Please write out exactly the lines of the data below from the line holding "In Long Range" through the line holding "Unicode contains ASCII", and leave out the rest.

RECORDED DATA:

▬▬▬

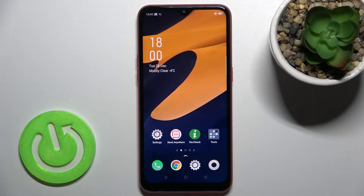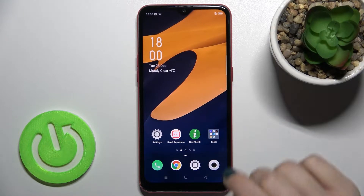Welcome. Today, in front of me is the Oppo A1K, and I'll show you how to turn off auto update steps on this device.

▬▬▬

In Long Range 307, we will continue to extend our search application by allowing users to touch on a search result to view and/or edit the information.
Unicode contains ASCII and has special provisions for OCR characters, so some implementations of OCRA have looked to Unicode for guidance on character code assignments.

▬▬▬

REPLY:
In Long Range 307, we will continue to extend our search application by allowing users to touch on a search result to view and/or edit the information.
Unicode contains ASCII and has special provisions for OCR characters, so some implementations of OCRA have looked to Unicode for guidance on character code assignments.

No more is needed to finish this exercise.